IRIS manage a large amount of seismic data. To help users access that data they are constructing a database of metrics — values derived from the raw data. The project has three main components: a coordinating process; a system that retrieves data and calculates metrics; and a store that saves metrics and provides a web interface for their retrieval. I was responsible for the design and implementation (in Java, with Spring and PostgreSQL) of the storage component.
Scalable, performant database.
Interactive data exploration.
Data upload and download.
Flexibility to accomodate future metrics.
The data model has three basic types: metrics, targets and measurements. Metrics describe the structure and meaning of measurements (values over intervals) for targets. A simple metric might be “signal RMS” and the measurements would then be RMS value, and start and end time of sample, and the targets are channels (more precisely, the data streams from the channels).
After discussion with the client we decided to avoid any cross–metric logic in the query interface. This decouples metrics in the schema, which allows application–level sharding: each metric can be placed in a separate database (note: the design enables sharding, but the current implementation uses a single database connection for all metrics).
We still need to handle targets, which are common across metrics, but analysis showed that the number of distinct targets is sufficiently small for them to be cached in memory and provided (using PostgreSQL arrays to minimise data volume) within queries.
At the Java level, all data loading and retrieval is generic, parameterised by the metric interface. Metric implementations are loaded from the classpath using the Java service provider API. When the server starts new metrics can construct suitable tables in the schema. So the addition of a new metric requires (only) the deployment of a jar to the server containing a new metric subclass — typically a handful lines of code are required.
As proof of concept, the final deliverable includes, in addition to the metrics currently available (which tend to be simple float values), a metric whose measurements are distributions (spectra, stored in a second table and retrieved via a join).
Targets can be complex: a network, site, location, channel, or ratio between these. And the relationship between targets is hierarchical. This could have lead to an extremely complex data model, but working with the client and using existing standards (SNCL codes) gave a very elegant encoding with a flexible interface.

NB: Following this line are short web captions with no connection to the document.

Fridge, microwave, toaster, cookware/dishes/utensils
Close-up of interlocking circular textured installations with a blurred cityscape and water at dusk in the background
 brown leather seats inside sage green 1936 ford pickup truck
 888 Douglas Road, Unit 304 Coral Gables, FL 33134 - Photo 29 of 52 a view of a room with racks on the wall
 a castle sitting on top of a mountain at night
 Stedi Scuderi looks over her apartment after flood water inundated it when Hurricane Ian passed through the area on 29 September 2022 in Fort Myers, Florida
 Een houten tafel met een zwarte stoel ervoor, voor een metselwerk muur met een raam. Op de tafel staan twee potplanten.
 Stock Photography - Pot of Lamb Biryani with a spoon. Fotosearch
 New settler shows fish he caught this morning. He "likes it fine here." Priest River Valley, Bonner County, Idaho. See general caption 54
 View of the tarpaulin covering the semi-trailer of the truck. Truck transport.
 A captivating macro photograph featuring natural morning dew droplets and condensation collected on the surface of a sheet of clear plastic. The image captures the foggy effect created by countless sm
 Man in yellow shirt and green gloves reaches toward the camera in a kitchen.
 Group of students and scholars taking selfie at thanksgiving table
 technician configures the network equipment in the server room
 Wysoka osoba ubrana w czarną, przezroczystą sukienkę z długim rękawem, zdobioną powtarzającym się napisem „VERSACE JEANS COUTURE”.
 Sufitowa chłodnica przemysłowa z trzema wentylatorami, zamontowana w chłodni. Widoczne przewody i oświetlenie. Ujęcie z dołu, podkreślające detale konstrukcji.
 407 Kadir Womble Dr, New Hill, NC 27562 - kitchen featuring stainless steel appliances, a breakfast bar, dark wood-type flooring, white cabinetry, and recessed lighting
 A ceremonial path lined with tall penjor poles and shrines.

For example, targets can be selected by matching components (station and network for example). In extreme cases, a list of targets can be suppplied; the format matches that returned from target searches, so a user can do an initial search for targets then hand–tune the list (in an editor or with a script) before querying for measurements.
This is just one example of how a cooperative, responsive client, aware of technical issues, was able to work with us to achieve the best possible design.
The only significant problem to surface during system validation was uncertainty about data validation. For efficiency, data are streamed to the database in a single transaction, which makes detailed error reporting / handling difficult. The final, pragmatic solution was to use IEEE double storage for most values, which avoids range errors (the most common) by mirroring the representation used in the calculations.